● Required action
Only the lines from the start of the data to the line containing "Naklejka premium a", both included, should be output, exactly and without pictures.

● Provided records
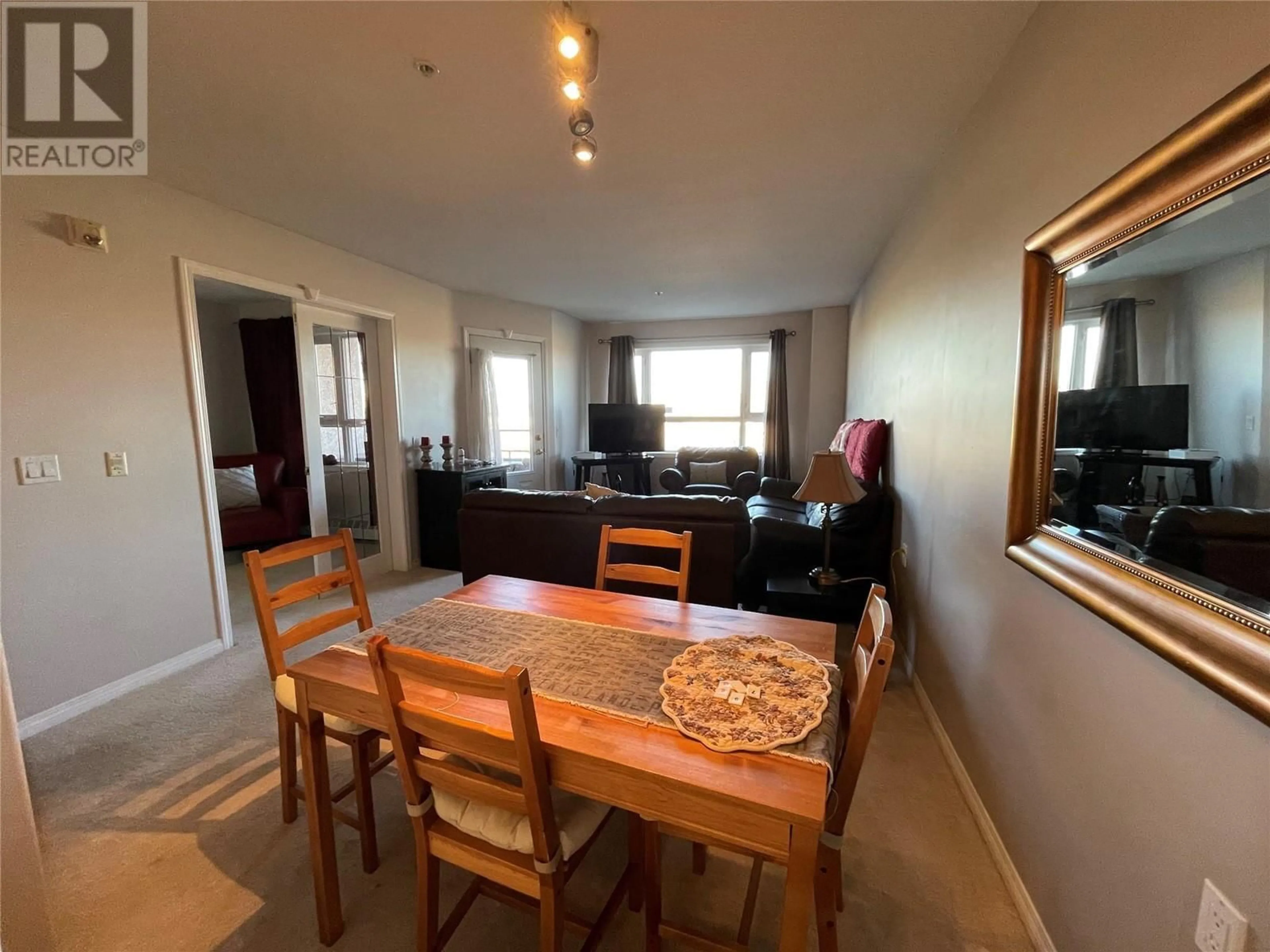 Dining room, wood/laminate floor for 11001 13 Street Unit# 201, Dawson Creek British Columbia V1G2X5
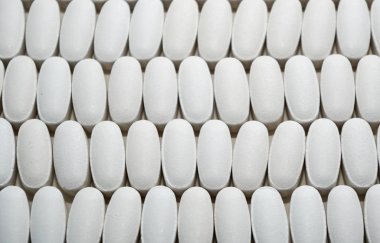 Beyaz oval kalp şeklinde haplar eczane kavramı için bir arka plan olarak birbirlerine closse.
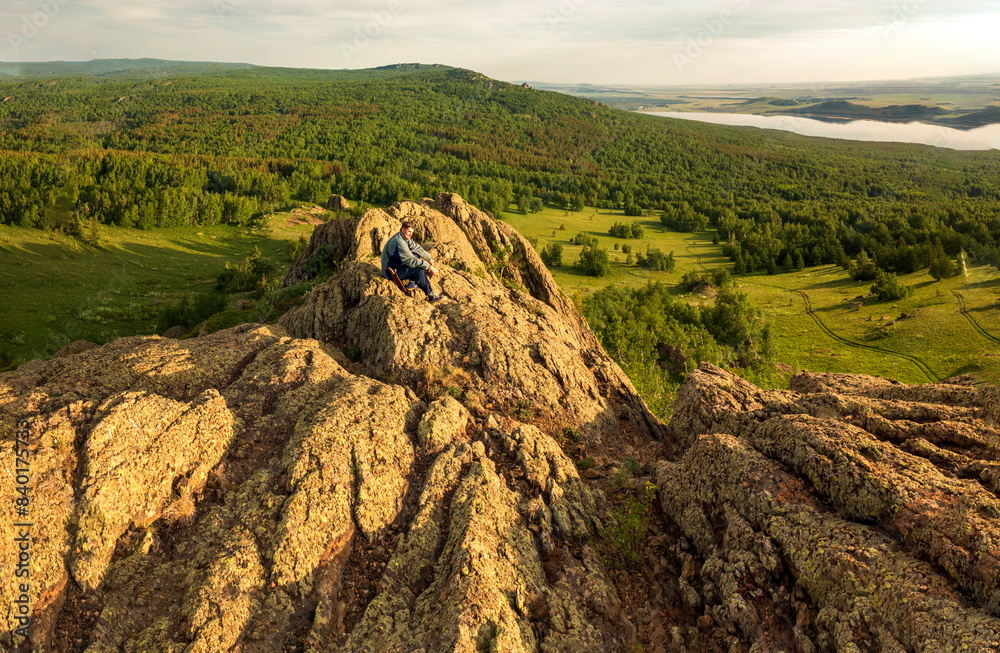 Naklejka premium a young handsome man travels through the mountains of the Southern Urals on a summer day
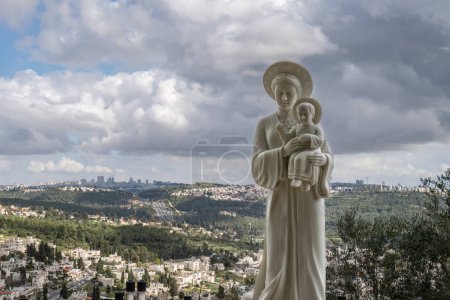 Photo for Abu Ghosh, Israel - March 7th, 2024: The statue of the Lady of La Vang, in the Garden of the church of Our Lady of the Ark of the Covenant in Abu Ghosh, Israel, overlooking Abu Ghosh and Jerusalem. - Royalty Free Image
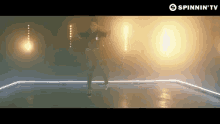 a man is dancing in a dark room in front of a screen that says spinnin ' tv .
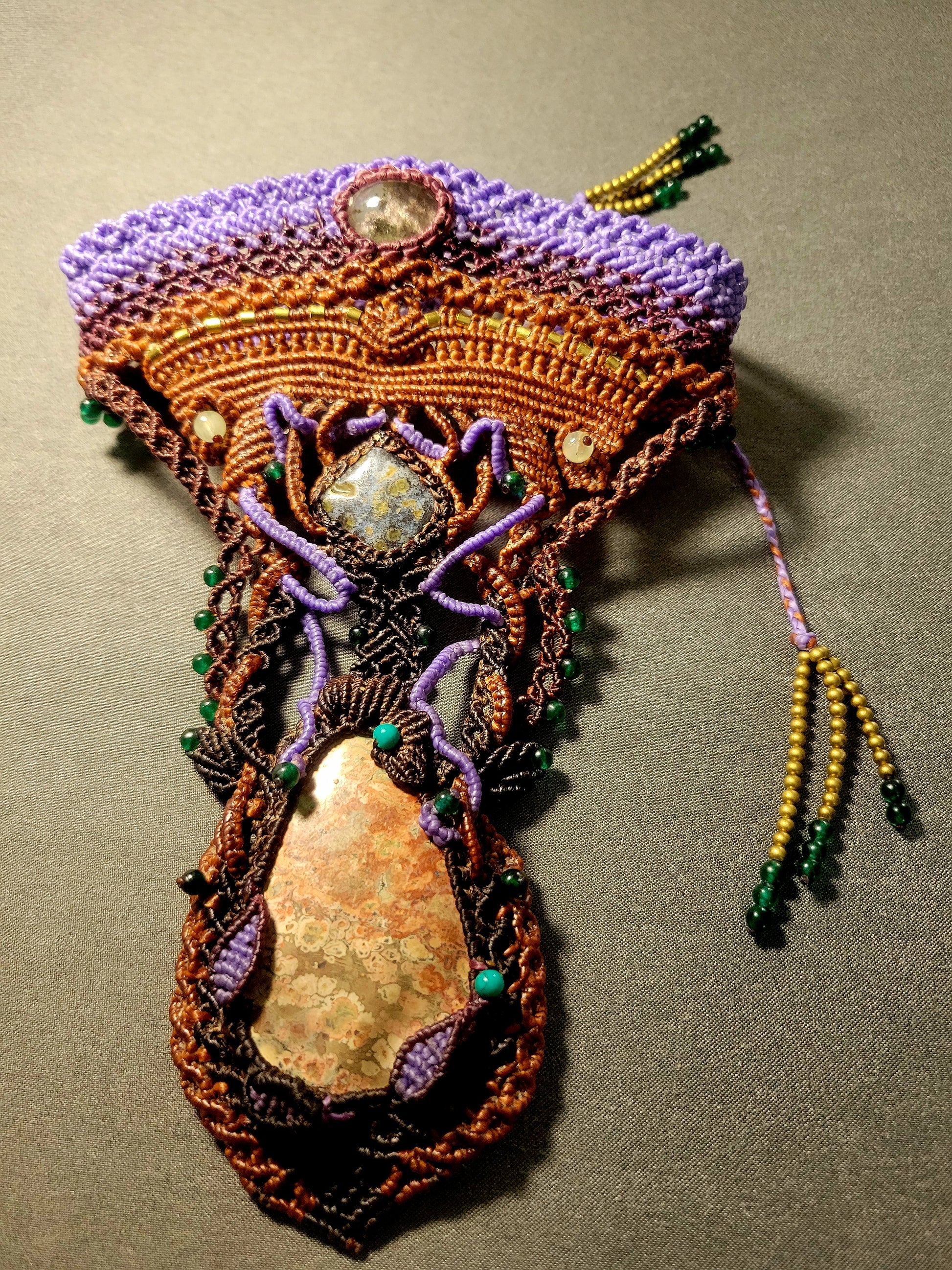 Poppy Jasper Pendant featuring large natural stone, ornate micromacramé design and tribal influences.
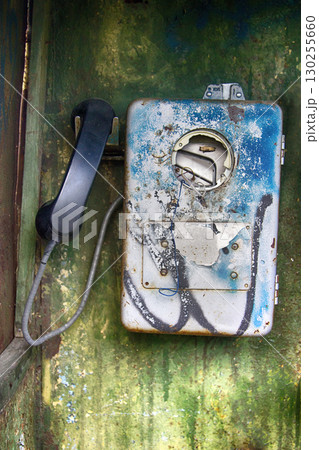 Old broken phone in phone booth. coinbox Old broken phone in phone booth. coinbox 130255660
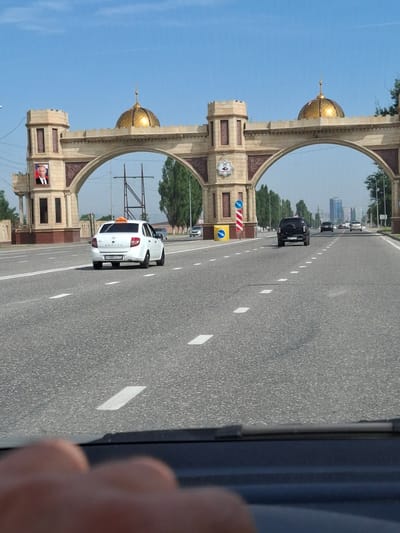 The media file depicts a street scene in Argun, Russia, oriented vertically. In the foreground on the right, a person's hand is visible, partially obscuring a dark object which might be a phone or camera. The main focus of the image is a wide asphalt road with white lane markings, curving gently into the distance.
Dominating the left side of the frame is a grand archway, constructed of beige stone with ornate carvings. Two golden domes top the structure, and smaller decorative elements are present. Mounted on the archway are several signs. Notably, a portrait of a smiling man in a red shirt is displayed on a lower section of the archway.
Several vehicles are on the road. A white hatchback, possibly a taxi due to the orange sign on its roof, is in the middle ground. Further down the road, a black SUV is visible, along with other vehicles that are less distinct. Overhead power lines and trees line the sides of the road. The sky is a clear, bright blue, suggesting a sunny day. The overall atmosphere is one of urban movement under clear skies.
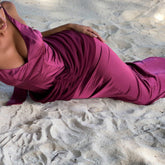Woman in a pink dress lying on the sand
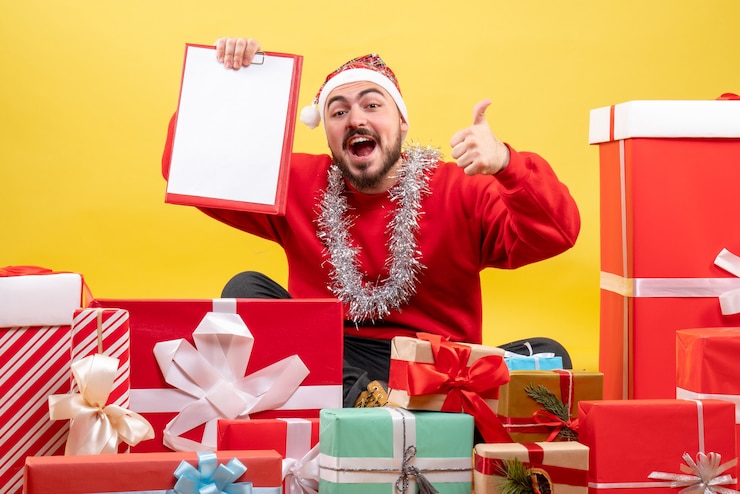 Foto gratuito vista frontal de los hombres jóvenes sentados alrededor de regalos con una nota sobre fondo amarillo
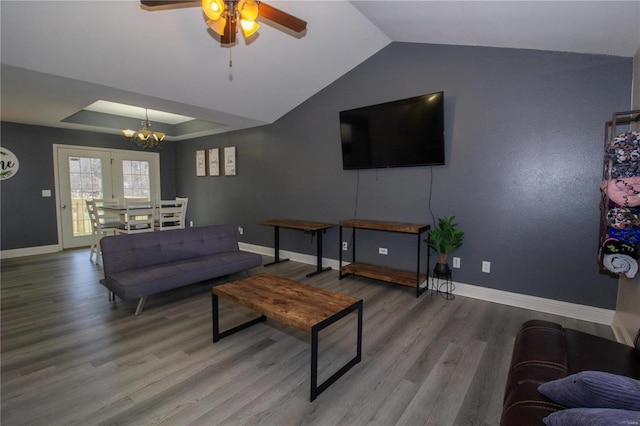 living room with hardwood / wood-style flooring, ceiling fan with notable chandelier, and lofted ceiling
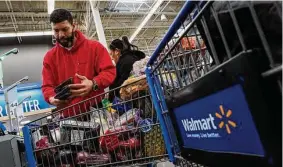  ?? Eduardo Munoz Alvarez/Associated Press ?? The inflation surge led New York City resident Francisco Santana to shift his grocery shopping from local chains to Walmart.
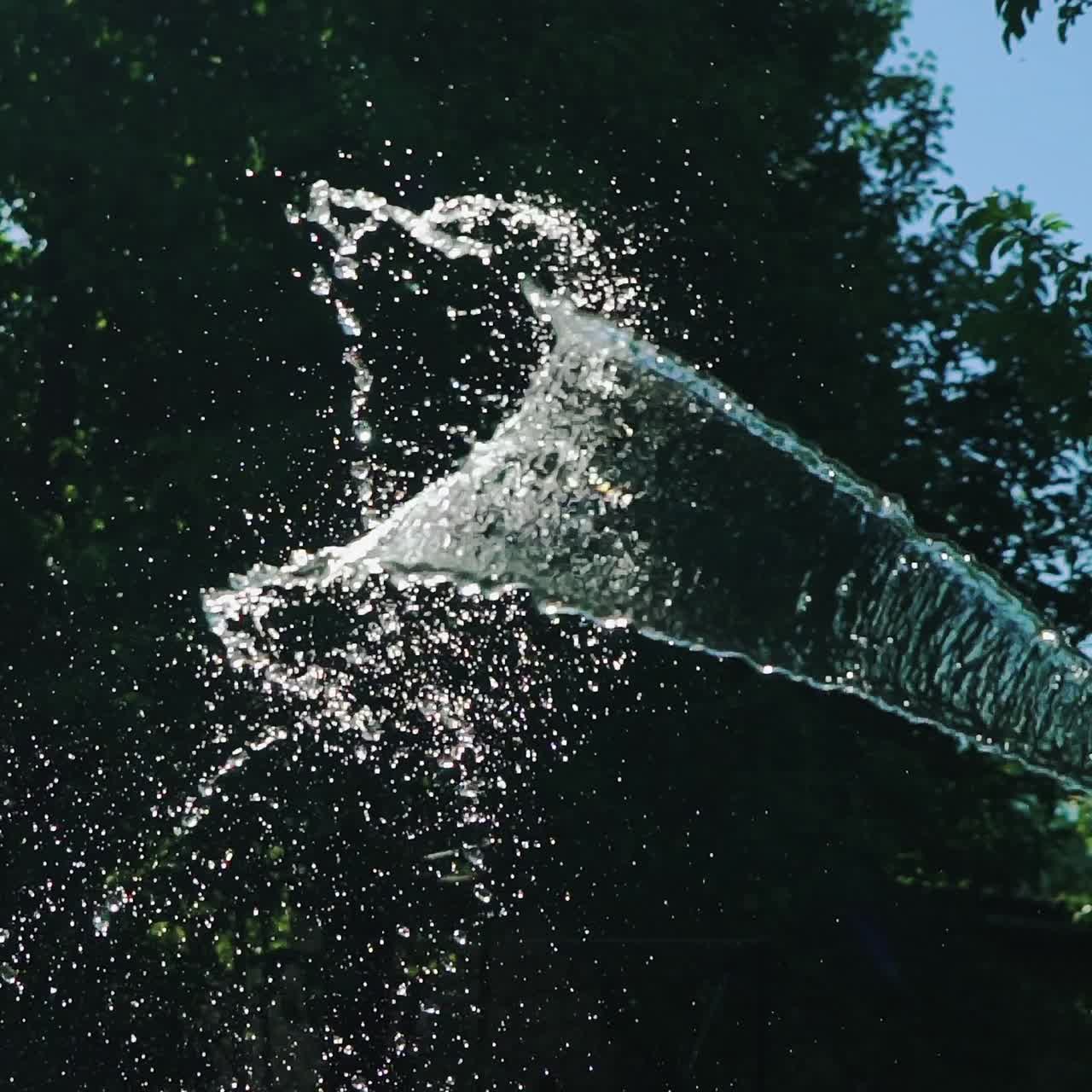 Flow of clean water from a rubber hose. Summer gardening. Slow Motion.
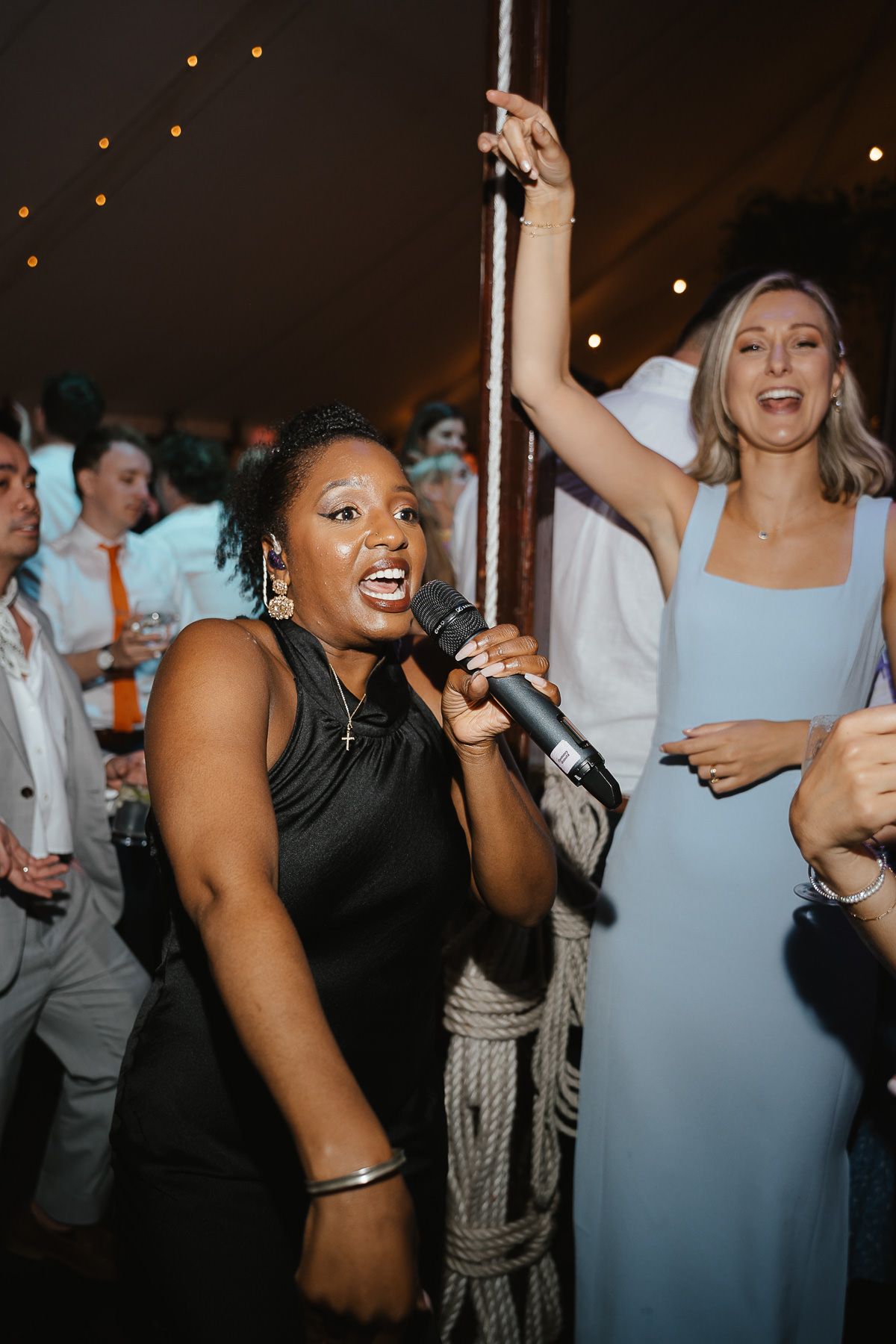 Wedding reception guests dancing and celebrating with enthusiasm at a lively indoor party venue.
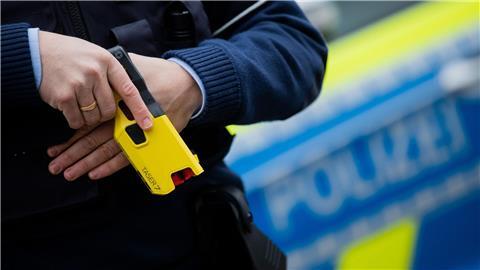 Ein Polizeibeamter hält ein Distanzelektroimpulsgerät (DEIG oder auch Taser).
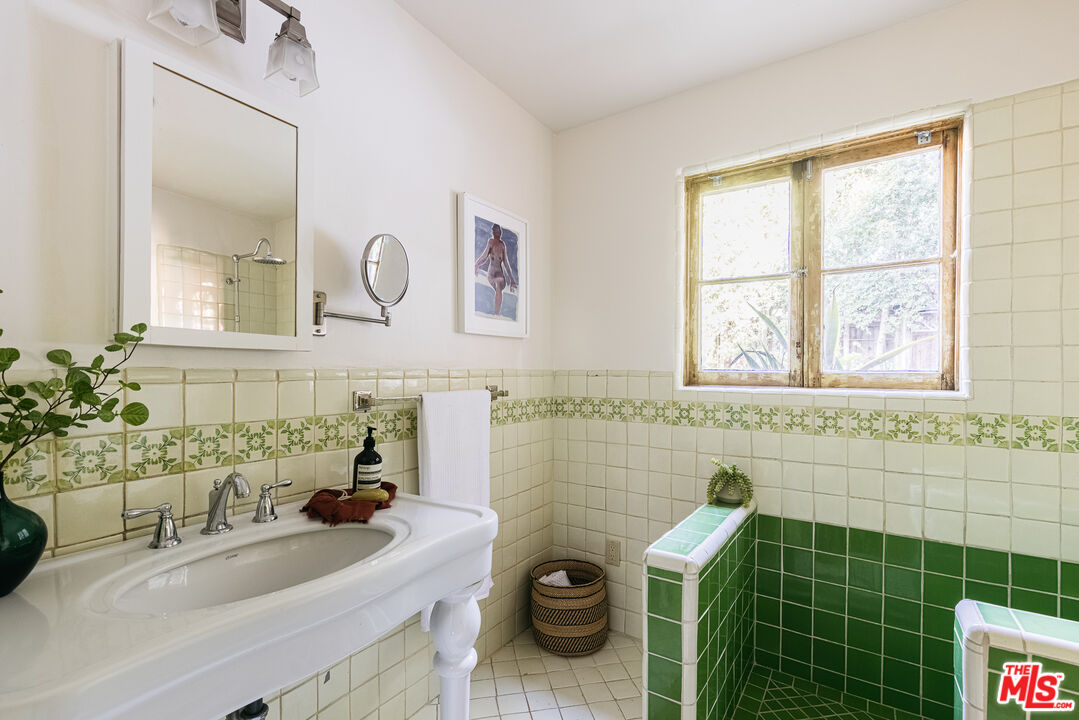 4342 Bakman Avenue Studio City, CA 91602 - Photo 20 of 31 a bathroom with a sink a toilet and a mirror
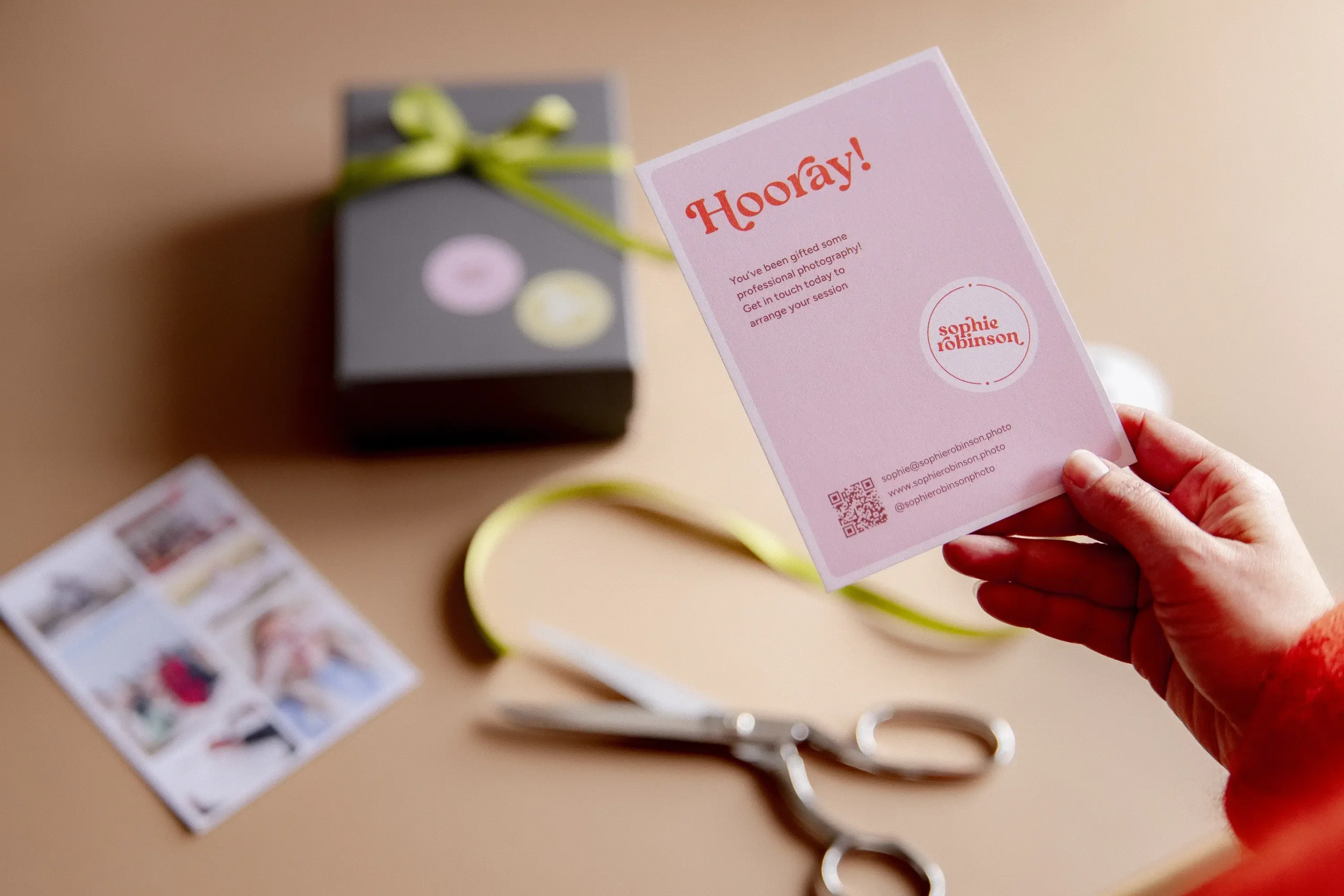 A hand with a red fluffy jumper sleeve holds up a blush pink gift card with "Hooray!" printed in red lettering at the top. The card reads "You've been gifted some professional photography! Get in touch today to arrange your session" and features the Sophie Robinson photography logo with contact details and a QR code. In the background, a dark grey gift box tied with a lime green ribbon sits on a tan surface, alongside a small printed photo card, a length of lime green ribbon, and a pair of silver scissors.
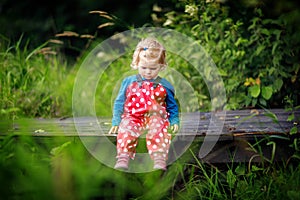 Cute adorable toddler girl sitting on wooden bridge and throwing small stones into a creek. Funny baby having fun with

● Answer to the exercise
 Dining room, wood/laminate floor for 11001 13 Street Unit# 201, Dawson Creek British Columbia V1G2X5
 Beyaz oval kalp şeklinde haplar eczane kavramı için bir arka plan olarak birbirlerine closse.
 Naklejka premium a young handsome man travels through the mountains of the Southern Urals on a summer day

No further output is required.